§ **Extracted entries**:
►
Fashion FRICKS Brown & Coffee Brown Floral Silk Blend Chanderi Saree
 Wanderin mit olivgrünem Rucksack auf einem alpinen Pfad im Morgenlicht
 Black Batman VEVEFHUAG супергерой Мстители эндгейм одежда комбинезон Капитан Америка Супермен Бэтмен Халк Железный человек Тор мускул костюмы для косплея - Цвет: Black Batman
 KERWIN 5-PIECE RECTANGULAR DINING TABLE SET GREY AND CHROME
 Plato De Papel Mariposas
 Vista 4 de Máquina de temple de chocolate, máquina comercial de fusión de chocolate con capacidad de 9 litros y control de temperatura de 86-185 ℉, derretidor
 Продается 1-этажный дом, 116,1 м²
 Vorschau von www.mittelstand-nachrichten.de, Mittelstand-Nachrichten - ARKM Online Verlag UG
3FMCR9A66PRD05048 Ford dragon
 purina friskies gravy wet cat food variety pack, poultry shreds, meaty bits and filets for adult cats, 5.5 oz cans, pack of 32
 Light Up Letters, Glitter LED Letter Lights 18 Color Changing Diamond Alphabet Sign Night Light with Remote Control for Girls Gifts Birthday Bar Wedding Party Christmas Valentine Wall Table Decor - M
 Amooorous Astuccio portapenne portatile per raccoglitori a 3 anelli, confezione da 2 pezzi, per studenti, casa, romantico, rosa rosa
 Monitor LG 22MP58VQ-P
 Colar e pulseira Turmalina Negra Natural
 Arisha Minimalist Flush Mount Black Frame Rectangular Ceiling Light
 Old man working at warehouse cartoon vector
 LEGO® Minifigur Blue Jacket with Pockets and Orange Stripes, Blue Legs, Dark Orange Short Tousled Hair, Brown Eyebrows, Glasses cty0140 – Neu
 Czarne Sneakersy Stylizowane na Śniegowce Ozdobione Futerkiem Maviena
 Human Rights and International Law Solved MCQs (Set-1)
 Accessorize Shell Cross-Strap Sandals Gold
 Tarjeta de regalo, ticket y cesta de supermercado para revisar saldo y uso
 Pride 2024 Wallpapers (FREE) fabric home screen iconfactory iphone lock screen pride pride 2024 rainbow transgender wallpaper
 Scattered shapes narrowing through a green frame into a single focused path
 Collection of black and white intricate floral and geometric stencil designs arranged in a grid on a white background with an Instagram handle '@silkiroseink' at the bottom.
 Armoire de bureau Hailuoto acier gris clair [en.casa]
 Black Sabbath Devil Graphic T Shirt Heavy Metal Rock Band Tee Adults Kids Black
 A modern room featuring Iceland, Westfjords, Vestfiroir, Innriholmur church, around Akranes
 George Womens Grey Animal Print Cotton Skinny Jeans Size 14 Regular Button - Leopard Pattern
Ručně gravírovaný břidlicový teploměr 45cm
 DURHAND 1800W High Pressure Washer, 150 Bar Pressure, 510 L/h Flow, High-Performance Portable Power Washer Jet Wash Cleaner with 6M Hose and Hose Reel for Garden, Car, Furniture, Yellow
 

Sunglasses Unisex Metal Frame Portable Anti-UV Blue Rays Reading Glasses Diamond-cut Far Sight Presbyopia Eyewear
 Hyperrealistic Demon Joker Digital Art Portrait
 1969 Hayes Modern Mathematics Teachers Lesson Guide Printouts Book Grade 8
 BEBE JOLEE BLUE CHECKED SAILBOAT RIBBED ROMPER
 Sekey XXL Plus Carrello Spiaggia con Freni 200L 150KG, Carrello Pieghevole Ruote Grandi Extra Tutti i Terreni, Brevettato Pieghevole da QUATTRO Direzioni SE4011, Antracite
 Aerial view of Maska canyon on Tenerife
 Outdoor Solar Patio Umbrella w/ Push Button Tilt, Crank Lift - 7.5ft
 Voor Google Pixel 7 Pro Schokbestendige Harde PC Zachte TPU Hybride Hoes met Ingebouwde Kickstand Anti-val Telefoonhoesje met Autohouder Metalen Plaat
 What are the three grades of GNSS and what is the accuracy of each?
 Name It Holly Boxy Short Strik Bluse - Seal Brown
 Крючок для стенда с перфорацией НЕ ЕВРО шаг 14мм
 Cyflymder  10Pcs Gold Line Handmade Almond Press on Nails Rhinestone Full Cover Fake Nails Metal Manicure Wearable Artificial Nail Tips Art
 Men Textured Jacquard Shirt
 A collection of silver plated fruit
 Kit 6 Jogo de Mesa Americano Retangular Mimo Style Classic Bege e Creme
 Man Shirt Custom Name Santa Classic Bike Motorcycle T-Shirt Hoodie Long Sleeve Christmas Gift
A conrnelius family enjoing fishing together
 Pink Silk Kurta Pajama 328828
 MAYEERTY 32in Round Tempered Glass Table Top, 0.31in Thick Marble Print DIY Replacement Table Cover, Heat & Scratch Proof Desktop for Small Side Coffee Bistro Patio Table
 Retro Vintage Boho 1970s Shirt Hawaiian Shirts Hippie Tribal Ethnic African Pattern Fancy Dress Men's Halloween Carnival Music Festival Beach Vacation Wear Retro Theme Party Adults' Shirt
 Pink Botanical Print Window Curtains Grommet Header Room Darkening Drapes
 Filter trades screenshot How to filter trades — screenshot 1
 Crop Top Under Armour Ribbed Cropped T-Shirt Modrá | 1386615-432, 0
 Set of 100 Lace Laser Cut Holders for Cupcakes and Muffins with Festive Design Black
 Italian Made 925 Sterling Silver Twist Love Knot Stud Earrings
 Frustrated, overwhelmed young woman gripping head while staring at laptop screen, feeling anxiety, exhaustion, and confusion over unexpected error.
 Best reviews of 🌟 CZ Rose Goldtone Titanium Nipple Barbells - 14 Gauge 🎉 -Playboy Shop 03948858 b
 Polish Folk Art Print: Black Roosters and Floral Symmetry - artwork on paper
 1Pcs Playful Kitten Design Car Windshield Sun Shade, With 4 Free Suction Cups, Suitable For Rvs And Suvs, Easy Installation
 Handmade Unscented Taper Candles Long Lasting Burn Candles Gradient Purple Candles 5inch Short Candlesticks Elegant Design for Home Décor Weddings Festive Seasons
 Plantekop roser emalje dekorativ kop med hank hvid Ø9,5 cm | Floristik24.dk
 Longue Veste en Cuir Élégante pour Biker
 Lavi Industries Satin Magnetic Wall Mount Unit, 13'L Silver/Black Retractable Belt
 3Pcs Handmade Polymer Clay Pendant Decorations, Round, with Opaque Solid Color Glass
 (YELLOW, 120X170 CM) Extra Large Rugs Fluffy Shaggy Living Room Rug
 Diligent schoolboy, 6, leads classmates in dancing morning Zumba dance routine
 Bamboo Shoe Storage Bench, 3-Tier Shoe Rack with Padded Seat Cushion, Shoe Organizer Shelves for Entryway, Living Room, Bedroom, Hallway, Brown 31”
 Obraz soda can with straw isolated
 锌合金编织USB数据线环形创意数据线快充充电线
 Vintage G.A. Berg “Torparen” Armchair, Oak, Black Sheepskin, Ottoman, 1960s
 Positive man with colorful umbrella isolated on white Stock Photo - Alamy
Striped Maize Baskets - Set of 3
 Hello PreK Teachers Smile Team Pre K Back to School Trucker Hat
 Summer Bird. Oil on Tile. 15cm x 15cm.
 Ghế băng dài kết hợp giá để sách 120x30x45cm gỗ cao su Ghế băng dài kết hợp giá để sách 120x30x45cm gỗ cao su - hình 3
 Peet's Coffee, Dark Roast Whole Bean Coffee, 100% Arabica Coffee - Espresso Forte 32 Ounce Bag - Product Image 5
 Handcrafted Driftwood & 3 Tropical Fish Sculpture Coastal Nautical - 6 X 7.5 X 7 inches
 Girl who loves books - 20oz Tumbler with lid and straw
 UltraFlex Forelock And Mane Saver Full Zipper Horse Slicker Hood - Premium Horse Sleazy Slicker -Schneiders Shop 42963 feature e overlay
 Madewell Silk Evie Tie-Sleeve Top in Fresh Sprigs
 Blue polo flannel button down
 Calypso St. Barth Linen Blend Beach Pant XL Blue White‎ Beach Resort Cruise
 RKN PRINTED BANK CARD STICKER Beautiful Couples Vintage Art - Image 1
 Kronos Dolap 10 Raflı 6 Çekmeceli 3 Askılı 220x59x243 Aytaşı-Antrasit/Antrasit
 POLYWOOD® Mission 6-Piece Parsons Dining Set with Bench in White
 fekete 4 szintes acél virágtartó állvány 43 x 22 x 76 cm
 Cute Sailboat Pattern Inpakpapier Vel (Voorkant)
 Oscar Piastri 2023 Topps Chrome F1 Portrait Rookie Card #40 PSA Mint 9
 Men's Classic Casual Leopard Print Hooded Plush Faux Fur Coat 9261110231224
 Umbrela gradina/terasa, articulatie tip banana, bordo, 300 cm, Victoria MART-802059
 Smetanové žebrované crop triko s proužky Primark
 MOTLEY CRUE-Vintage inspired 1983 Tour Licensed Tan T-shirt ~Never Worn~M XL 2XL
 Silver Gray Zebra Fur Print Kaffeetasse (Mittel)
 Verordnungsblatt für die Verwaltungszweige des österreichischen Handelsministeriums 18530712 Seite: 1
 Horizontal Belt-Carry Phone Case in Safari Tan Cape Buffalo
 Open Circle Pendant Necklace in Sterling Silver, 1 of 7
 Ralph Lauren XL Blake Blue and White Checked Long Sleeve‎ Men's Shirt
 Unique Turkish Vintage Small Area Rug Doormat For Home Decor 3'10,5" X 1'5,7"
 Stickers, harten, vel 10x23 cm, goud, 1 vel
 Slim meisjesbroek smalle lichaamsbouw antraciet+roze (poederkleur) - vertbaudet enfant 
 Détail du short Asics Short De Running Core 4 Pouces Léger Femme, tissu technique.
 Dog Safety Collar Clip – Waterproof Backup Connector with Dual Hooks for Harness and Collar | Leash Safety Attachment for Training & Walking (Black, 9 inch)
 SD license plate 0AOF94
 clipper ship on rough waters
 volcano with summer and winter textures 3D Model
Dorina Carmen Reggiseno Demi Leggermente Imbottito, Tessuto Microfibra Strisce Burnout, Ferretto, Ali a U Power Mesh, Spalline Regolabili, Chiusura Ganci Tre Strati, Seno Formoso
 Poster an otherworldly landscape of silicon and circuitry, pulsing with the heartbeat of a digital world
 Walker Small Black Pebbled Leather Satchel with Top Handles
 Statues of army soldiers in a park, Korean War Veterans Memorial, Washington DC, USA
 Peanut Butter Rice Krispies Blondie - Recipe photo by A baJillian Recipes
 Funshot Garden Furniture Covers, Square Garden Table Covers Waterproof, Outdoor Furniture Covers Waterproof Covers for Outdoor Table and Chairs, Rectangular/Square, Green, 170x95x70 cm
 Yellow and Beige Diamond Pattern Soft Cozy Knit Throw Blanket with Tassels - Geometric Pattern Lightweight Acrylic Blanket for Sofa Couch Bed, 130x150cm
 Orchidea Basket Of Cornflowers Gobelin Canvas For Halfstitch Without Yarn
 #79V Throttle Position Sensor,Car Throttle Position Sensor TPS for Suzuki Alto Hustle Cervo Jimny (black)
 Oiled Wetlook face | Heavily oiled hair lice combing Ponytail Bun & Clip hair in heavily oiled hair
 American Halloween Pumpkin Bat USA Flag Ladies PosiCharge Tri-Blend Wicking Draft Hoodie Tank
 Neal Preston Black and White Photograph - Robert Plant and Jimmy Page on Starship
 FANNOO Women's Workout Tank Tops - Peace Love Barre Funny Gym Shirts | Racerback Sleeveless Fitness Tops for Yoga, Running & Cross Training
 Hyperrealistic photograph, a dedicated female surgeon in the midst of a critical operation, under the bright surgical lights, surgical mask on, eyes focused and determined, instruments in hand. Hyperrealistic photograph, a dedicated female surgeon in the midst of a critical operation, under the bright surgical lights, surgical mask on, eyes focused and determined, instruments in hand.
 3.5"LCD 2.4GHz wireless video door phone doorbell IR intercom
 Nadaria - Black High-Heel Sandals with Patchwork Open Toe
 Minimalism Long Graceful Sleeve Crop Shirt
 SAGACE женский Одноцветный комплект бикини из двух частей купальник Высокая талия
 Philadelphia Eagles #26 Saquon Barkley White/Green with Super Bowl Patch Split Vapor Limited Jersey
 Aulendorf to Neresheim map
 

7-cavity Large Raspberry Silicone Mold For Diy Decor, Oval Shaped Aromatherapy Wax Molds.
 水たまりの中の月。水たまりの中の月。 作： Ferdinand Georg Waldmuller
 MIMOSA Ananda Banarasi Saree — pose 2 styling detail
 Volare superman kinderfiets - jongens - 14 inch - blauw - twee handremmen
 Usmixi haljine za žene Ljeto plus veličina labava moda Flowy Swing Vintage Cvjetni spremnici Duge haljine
◄
Above are the records; from them, give again exactly the lines from the one containing "Dog Safety Collar" through the one containing "Peanut Butter Rice", both included.

§ **Output of the task**:
 Dog Safety Collar Clip – Waterproof Backup Connector with Dual Hooks for Harness and Collar | Leash Safety Attachment for Training & Walking (Black, 9 inch)
 SD license plate 0AOF94
 clipper ship on rough waters
 volcano with summer and winter textures 3D Model
Dorina Carmen Reggiseno Demi Leggermente Imbottito, Tessuto Microfibra Strisce Burnout, Ferretto, Ali a U Power Mesh, Spalline Regolabili, Chiusura Ganci Tre Strati, Seno Formoso
 Poster an otherworldly landscape of silicon and circuitry, pulsing with the heartbeat of a digital world
 Walker Small Black Pebbled Leather Satchel with Top Handles
 Statues of army soldiers in a park, Korean War Veterans Memorial, Washington DC, USA
 Peanut Butter Rice Krispies Blondie - Recipe photo by A baJillian Recipes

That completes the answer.